Book Brief: The State of Economic and Social Human Rights: A Global Overview
Ed. Lanse Minkler
Cambridge University Press (Jan 2013)
ISBN 9781107609136
408 pages
$36.99
In The State of Economic and Social Human Rights, Minkler draws on the insight of scholars in economics, law, sociology, anthropology, and political science to provide insight on core economic and social human rights. He aims to explore the “obstacles that prevent governments from fulfilling their obligations” by looking at the performance of countries throughout the world.
The chapters span a wide range of economic and social rights topics, identifying core rights, nondiscrimination rights issues, and a new category of “meta” rights. The right to health is included as a core right. In this chapter, authors Audrey Chapman and Salil Benegal explain the effects of globalization and subsequent development and realization of the right to health. They point to international documents such as the UDHR and CESCR that enumerate such a right, and analyze the health trends, impact on health systems, and social health determinants that are all impacted by globalization. The book’s conclusion critiques social and economic rights and their possible conflicts, but also explains how such criticism can be resisted.
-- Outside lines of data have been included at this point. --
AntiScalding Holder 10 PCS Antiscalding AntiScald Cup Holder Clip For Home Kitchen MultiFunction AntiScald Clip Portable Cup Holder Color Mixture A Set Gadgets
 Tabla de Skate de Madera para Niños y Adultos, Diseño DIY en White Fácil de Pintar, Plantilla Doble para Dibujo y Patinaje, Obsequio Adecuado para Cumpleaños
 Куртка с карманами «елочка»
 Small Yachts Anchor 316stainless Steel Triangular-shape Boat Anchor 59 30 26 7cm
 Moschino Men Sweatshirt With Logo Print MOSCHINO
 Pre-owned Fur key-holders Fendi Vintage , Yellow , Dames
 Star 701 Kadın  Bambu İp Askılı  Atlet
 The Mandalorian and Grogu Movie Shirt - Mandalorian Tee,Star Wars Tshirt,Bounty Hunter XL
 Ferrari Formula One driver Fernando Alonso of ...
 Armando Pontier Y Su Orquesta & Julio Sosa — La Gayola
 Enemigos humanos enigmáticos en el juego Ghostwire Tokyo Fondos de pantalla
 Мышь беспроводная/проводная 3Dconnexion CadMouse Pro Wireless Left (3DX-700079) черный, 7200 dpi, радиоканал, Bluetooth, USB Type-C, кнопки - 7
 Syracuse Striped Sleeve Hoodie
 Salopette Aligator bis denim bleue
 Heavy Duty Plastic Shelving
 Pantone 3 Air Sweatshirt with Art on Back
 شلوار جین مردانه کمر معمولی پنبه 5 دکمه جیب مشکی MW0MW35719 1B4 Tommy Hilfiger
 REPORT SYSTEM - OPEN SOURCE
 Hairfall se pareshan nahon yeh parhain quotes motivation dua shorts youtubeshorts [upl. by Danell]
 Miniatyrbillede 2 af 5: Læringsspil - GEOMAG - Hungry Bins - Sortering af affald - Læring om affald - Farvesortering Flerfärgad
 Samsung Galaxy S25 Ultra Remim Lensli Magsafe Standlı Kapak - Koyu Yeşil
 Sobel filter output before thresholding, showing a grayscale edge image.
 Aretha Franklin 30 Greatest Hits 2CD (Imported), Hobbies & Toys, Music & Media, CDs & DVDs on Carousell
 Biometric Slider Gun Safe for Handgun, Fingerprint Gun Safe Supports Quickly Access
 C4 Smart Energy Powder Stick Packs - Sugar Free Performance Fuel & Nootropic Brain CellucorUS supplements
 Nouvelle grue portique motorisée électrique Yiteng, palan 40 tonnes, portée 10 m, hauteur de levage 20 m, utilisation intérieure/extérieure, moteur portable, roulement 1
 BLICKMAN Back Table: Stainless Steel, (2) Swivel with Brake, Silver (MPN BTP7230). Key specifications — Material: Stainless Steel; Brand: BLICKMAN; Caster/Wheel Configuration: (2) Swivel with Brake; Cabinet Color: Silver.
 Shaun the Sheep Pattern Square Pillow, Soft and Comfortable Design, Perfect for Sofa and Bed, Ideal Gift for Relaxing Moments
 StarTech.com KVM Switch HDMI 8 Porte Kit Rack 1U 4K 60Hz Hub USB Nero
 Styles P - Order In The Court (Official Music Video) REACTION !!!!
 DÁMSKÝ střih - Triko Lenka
The neoliberal structure of globalization and reform has contributed to a very different landscape for understanding economic and social rights. The book’s authors emphasize the importance of considering the growing number of actors and agents. While there may also be an inevitable conflict among human rights, such disputes are resolvable. Minkler concludes that human rights should not be considered different from “other fundamental moral and political values,” and that international human rights law and the international community must work to realize these rights.